Arctic fish fossil quite a find
It was a lumbering, wide-headed creature with tiny, close-set eyes, and it likely had to wait on a stream bottom for its prey to swim within reach. But when that happened, watch out! One powerful chomp, with fangs up to 1 1/2 inches long … .
Rest assured that this scenario comes from the distant past — 375 million years ago, more or less — but a team of scientists from Philadelphia, Harvard and Chicago breathed new life into it earlier this month.
They announced the discovery of this 6-foot-long prehistoric predator found in a harsh rockscape 700 miles north of the Arctic Circle. Dubbed Laccognathus embryi, it was among various kinds of fish that had developed bony, muscular “lobed” fins — the precursors of limbs.
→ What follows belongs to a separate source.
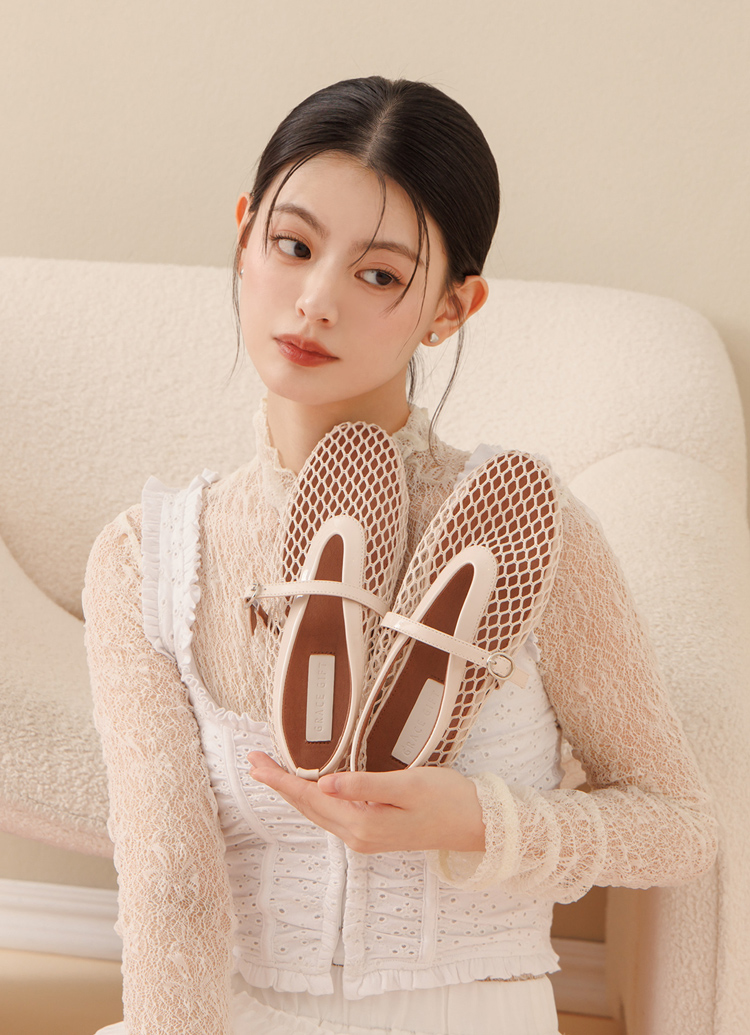 GraceGift 平價女鞋 個性網面 細閃芭蕾舞娃娃鞋 杏色 平底娃娃鞋 實拍圖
The team included paleontologists Jason P. Downs and Ted Daeschler from the Academy of Natural Sciences in Philadelphia, along with Harvard University’s Farish A. Jenkins Jr. and the University of Chicago’s Neil Shubin, who have been studying these kinds of creatures for years.
Mr. Daeschler, Mr. Jenkins and Mr. Shubin are best known for their 2006 discovery of another ancient fish, Tiktaalik roseae, which had a very unfishlike neck and limb-like fins that may have allowed it to creep onto land for brief periods.